> What the task asks
Without skipping anything, write out each record below exactly.

> The data

---*---

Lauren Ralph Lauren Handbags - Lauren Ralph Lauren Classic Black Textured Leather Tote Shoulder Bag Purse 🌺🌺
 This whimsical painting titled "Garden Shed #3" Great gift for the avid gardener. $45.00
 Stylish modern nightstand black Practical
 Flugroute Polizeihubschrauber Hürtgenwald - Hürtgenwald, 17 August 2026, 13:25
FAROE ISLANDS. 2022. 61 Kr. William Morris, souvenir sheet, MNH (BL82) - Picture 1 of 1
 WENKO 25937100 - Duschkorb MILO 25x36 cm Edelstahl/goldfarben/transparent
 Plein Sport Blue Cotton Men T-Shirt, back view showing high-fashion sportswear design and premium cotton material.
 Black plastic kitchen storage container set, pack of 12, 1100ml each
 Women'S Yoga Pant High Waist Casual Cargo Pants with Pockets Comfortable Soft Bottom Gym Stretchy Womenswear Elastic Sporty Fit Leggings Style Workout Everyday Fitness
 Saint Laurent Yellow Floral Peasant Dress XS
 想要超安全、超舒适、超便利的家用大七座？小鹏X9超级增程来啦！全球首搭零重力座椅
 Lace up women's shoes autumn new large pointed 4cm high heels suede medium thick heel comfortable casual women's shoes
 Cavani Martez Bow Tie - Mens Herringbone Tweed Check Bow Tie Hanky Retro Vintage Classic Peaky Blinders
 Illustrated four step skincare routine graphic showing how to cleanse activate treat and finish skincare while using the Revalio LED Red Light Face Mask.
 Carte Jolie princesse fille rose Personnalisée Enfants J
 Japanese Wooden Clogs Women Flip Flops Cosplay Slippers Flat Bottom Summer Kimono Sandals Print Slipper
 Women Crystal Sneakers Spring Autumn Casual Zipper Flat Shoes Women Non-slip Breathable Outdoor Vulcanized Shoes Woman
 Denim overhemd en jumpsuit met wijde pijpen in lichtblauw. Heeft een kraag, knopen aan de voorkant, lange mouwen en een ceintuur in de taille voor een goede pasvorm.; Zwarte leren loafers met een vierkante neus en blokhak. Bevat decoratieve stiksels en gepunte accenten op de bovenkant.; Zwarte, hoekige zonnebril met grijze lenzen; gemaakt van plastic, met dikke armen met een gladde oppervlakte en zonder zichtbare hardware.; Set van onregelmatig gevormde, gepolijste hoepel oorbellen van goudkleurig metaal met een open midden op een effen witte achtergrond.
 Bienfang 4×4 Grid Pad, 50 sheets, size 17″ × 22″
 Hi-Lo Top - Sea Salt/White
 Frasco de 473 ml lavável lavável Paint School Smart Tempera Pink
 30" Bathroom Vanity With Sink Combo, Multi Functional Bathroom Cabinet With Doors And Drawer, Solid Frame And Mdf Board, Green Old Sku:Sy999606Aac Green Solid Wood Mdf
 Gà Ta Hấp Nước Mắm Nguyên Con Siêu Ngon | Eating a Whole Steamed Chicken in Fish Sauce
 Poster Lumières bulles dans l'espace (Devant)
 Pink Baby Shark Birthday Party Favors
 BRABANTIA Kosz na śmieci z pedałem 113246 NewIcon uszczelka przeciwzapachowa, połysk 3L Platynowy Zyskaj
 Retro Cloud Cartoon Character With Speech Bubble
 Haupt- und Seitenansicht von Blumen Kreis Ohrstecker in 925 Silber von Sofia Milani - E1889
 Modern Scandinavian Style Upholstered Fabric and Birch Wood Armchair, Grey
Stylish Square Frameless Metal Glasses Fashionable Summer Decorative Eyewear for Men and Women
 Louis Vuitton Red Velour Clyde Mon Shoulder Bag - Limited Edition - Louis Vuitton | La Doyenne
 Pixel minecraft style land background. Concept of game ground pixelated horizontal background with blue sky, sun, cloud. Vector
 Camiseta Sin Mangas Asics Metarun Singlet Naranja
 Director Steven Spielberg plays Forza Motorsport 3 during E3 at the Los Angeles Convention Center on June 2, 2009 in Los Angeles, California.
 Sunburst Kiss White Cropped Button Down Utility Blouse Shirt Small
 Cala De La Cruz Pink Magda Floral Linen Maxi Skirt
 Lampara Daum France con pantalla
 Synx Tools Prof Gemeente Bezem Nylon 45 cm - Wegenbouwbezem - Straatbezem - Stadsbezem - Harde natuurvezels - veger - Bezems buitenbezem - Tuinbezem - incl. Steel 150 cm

---*---

> Solution
Lauren Ralph Lauren Handbags - Lauren Ralph Lauren Classic Black Textured Leather Tote Shoulder Bag Purse 🌺🌺
 This whimsical painting titled "Garden Shed #3" Great gift for the avid gardener. $45.00
 Stylish modern nightstand black Practical
 Flugroute Polizeihubschrauber Hürtgenwald - Hürtgenwald, 17 August 2026, 13:25
FAROE ISLANDS. 2022. 61 Kr. William Morris, souvenir sheet, MNH (BL82) - Picture 1 of 1
 WENKO 25937100 - Duschkorb MILO 25x36 cm Edelstahl/goldfarben/transparent
 Plein Sport Blue Cotton Men T-Shirt, back view showing high-fashion sportswear design and premium cotton material.
 Black plastic kitchen storage container set, pack of 12, 1100ml each
 Women'S Yoga Pant High Waist Casual Cargo Pants with Pockets Comfortable Soft Bottom Gym Stretchy Womenswear Elastic Sporty Fit Leggings Style Workout Everyday Fitness
 Saint Laurent Yellow Floral Peasant Dress XS
 想要超安全、超舒适、超便利的家用大七座？小鹏X9超级增程来啦！全球首搭零重力座椅
 Lace up women's shoes autumn new large pointed 4cm high heels suede medium thick heel comfortable casual women's shoes
 Cavani Martez Bow Tie - Mens Herringbone Tweed Check Bow Tie Hanky Retro Vintage Classic Peaky Blinders
 Illustrated four step skincare routine graphic showing how to cleanse activate treat and finish skincare while using the Revalio LED Red Light Face Mask.
 Carte Jolie princesse fille rose Personnalisée Enfants J
 Japanese Wooden Clogs Women Flip Flops Cosplay Slippers Flat Bottom Summer Kimono Sandals Print Slipper
 Women Crystal Sneakers Spring Autumn Casual Zipper Flat Shoes Women Non-slip Breathable Outdoor Vulcanized Shoes Woman
 Denim overhemd en jumpsuit met wijde pijpen in lichtblauw. Heeft een kraag, knopen aan de voorkant, lange mouwen en een ceintuur in de taille voor een goede pasvorm.; Zwarte leren loafers met een vierkante neus en blokhak. Bevat decoratieve stiksels en gepunte accenten op de bovenkant.; Zwarte, hoekige zonnebril met grijze lenzen; gemaakt van plastic, met dikke armen met een gladde oppervlakte en zonder zichtbare hardware.; Set van onregelmatig gevormde, gepolijste hoepel oorbellen van goudkleurig metaal met een open midden op een effen witte achtergrond.
 Bienfang 4×4 Grid Pad, 50 sheets, size 17″ × 22″
 Hi-Lo Top - Sea Salt/White
 Frasco de 473 ml lavável lavável Paint School Smart Tempera Pink
 30" Bathroom Vanity With Sink Combo, Multi Functional Bathroom Cabinet With Doors And Drawer, Solid Frame And Mdf Board, Green Old Sku:Sy999606Aac Green Solid Wood Mdf
 Gà Ta Hấp Nước Mắm Nguyên Con Siêu Ngon | Eating a Whole Steamed Chicken in Fish Sauce
 Poster Lumières bulles dans l'espace (Devant)
 Pink Baby Shark Birthday Party Favors
 BRABANTIA Kosz na śmieci z pedałem 113246 NewIcon uszczelka przeciwzapachowa, połysk 3L Platynowy Zyskaj
 Retro Cloud Cartoon Character With Speech Bubble
 Haupt- und Seitenansicht von Blumen Kreis Ohrstecker in 925 Silber von Sofia Milani - E1889
 Modern Scandinavian Style Upholstered Fabric and Birch Wood Armchair, Grey
Stylish Square Frameless Metal Glasses Fashionable Summer Decorative Eyewear for Men and Women
 Louis Vuitton Red Velour Clyde Mon Shoulder Bag - Limited Edition - Louis Vuitton | La Doyenne
 Pixel minecraft style land background. Concept of game ground pixelated horizontal background with blue sky, sun, cloud. Vector
 Camiseta Sin Mangas Asics Metarun Singlet Naranja
 Director Steven Spielberg plays Forza Motorsport 3 during E3 at the Los Angeles Convention Center on June 2, 2009 in Los Angeles, California.
 Sunburst Kiss White Cropped Button Down Utility Blouse Shirt Small
 Cala De La Cruz Pink Magda Floral Linen Maxi Skirt
 Lampara Daum France con pantalla
 Synx Tools Prof Gemeente Bezem Nylon 45 cm - Wegenbouwbezem - Straatbezem - Stadsbezem - Harde natuurvezels - veger - Bezems buitenbezem - Tuinbezem - incl. Steel 150 cm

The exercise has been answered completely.